As written May 27 in the EUR/USD V NZD/USD post: If EUR/USD or NZD fails to break vital points higher then both will trade a deep dive in a long red candle. EUR/USD traded its deep dive in a long red candle. Most importantly as written in the Fx weekly on Sunday: 1.0818 won’t break this week.
True to the written word, here’s the EUR/USD weekly trades. Short 1.0795 to target 1.0642. Highs this week achieved 1.0786 and lows to 1.0626. Traders earned 16 extra downside pips. The 7 pips miss on the topside had to compensate for the 7 downside. Makes sense. No but we continue, continuamos.
So far traders also earned +144 pips. The trade was guaranteed based on the principles of moving averages, correct moving averages and regardless to economic announcements, Macro, Yields, central bank blah, blah stuff. In fact, 99% to all the written words didn’t matter to the trade.

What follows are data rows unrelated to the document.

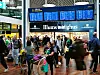 Människor går genom en stationshall med stora blå avgångstavlor och butiken Illums Bolighus i bakgrunden.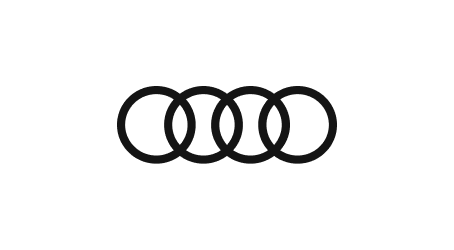 Symbole von vier ineinander verschlungenen Ringen, ein bekanntes automobillogobezogenes Design.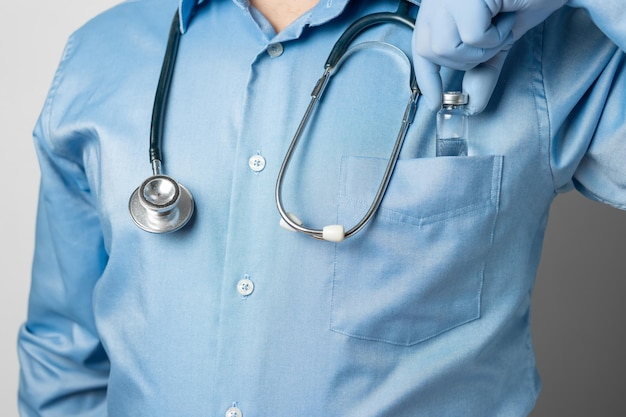 Male, doctor in blue shirt and gloves, holding in the hand vaccine bottle against disease coronavirus or flu, vaccination concept.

The upside to the weekly trade comes next for more profit pips. Long 1.0642 to target 1.0795. EUR/USD achieved highs so far at 1.0694 or +52 pips.
A this stage, traders banked 196 pips for the week in 4 days. The weekly range traded 160 pips. Weekly trades fails to include 24 hour trades as day trades offer many more pips than 196.
Will EUR/USD trade to 1.0795. Easily achievable above 1.0771 on breaks at 1.0718 and 1.0744. Traders may easily walk away for the week especially to those with a busy life or continue to earn profit pips. EUR/USD is only 1 of 20 currencies traded for the week.
Additionally, 1 more round of 24 hour trades exist to the week and not included to today’s trade. Ironically, today’s upside target is located at 1.0766.
EUR/USD’s big break for higher is now 1.0824. Overall averages are rising on a downside price. This situation informs, EUR/USD downside is limited and must travel higher as averages become far more oversold. Averages refers to 5 day to 1998.
Located on the downside is 1.0611, 1.0558 and 1.0505. Current EUR/USD in the 1.0600’s are deeply oversold and the strategy remains long.